Farm Fresh Produce, Ogden also includes one of her signature portraits of a bulldog that at this point could easily be interpreted as a stand-in for the artist herself, stubbornly guarding what I see as a territory of resistance that Kuharic works very hard to maintain in her paintings. It’s no accident that the bulldog is not tempted in the least by the meaty glut in his midst; rather he or she looks out from the picture, tongue aimed at us. I think it’s important to keep the dog in mind as we take in all of the people who also look out at us in several of Kuharic’s most complicated paintings to date. Returning to Ladue News, mentioned above, and acknowledging that Kuharic found the portraits in a St. Louis society magazine with the same title, it’s impossible not to register their collective expression of community at direct odds with the ramshackle structure they are ascending towards a wicket anal-like mandala in the sky, made up of bottles of dish detergent, salad dressing, etc., etc., ad nauseum, and culminating with a sphincter of home town beer cans. In many ways, Martha Steward Living is its companion, as the corporate consumer titan herself is caught on the right calmly walking out of the picture, perfect fall wreath in hand, leaving behind not only devastation but a “Boneless” tornado/hole in the sky. It’s crucial to recognize that Kuharic’s visual/verbal constructions are so much more than great dirty jokes (which they are) that only contribute to a knowable “explanation” of the painting as a kind of text or scene from a film.
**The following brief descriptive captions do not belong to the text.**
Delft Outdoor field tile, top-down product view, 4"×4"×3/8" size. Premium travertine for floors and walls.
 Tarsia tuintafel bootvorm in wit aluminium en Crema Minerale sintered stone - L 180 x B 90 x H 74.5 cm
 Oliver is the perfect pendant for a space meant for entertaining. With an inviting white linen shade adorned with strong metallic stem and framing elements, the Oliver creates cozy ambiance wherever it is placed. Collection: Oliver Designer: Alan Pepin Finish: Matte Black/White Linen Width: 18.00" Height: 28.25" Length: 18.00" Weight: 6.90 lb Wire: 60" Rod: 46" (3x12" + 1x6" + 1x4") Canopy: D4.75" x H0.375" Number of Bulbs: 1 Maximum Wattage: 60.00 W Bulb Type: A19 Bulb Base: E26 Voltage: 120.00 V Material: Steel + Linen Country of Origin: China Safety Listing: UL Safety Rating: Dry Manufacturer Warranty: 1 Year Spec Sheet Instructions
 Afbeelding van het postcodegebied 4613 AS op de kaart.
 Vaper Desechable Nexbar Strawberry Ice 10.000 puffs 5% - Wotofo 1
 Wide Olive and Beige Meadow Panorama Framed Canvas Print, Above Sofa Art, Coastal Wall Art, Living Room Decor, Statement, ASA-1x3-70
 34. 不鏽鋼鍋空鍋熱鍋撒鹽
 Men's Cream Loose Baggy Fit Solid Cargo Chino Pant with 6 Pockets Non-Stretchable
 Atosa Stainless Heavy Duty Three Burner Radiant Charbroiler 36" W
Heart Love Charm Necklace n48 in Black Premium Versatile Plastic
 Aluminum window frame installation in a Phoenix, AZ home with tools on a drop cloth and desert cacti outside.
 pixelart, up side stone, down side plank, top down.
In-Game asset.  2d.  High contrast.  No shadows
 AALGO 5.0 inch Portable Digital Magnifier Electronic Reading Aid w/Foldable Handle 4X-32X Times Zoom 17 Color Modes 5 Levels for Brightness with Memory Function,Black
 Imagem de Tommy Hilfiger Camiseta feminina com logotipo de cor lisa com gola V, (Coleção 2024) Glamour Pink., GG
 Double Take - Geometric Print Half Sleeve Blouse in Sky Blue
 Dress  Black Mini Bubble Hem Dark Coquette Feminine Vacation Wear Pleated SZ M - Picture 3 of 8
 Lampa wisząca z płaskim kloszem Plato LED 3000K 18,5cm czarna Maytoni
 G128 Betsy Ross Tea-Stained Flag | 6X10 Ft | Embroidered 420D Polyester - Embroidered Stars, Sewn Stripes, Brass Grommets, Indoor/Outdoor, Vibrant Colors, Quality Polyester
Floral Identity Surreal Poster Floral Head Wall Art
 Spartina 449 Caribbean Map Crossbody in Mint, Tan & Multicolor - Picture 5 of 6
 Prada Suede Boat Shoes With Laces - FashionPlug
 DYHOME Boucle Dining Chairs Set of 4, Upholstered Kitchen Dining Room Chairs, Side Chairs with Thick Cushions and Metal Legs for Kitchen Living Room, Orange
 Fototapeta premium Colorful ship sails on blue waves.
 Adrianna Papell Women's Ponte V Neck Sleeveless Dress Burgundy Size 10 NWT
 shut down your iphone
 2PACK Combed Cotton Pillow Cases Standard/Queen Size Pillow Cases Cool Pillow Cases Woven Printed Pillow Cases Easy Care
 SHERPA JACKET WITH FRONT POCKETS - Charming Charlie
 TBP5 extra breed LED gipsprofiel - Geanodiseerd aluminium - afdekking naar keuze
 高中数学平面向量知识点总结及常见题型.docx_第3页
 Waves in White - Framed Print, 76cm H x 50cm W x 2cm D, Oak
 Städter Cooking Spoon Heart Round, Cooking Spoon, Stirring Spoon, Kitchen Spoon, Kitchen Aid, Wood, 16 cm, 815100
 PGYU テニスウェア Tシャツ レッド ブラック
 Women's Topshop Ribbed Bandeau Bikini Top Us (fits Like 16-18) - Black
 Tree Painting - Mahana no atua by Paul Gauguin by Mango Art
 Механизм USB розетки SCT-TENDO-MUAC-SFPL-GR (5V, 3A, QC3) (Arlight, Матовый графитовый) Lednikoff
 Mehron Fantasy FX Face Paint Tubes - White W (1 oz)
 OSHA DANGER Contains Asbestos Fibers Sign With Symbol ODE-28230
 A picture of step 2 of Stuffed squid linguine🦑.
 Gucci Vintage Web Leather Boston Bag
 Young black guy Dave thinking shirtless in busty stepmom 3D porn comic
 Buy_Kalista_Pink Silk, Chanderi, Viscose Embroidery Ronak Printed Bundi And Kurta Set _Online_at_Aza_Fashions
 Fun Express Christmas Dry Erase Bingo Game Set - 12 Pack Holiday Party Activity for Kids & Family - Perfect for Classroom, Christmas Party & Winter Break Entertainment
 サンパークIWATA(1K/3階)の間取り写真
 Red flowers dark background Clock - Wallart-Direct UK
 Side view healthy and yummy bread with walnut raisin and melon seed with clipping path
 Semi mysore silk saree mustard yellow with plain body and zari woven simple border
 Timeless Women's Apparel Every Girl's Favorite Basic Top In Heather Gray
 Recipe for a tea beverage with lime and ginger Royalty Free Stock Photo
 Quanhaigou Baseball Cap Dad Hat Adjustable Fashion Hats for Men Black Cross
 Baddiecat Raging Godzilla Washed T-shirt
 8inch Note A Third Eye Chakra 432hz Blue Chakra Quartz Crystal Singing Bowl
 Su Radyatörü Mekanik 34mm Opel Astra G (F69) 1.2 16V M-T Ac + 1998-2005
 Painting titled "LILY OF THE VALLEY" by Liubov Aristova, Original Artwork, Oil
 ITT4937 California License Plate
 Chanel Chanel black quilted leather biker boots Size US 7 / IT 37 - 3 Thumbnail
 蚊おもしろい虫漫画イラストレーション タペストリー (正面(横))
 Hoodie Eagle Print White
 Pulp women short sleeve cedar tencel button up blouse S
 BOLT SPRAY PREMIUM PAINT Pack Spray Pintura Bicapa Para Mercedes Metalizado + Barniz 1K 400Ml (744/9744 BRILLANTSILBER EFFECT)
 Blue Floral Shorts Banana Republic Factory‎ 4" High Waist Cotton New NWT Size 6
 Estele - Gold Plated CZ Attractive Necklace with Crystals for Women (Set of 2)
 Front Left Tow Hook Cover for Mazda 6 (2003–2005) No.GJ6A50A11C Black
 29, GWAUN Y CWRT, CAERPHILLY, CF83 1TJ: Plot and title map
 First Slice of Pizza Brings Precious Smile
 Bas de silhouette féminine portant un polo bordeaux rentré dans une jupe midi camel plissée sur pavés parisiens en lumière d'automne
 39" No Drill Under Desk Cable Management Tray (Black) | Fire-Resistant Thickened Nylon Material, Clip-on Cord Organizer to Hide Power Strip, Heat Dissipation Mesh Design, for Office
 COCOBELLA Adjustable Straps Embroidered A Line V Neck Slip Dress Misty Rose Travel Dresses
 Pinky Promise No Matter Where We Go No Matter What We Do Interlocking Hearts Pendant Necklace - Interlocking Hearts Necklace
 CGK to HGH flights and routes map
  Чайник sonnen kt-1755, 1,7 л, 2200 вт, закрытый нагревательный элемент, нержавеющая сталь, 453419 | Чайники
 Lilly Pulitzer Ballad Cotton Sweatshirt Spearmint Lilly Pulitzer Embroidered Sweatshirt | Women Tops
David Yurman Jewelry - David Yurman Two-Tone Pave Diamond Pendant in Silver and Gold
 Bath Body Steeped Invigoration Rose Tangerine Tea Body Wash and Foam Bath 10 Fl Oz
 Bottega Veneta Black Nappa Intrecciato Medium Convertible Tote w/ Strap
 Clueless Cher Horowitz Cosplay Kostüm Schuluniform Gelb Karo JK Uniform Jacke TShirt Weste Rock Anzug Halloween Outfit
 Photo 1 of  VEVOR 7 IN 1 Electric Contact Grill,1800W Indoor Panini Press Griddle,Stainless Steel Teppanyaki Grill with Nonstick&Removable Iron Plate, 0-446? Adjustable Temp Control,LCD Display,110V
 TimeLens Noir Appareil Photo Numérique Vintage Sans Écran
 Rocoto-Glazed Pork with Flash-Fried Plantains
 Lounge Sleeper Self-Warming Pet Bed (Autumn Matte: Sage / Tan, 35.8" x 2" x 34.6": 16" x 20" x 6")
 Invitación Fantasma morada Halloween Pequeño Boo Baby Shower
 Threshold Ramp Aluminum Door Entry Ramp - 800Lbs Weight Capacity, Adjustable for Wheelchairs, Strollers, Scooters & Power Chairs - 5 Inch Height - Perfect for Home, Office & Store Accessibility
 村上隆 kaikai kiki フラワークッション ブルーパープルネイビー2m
Instead they are devices that are enacted in the end by the way of which they have been examined up close and personal and then deliberately, forcefully ‘painted.’ Pulled apart and put back together again and again and again until the final result has built up over essential time, Kuharic’s paintings are potent demonstrations of the beautiful payback that paintings can still provide—and then some—for the maker for the rest of us.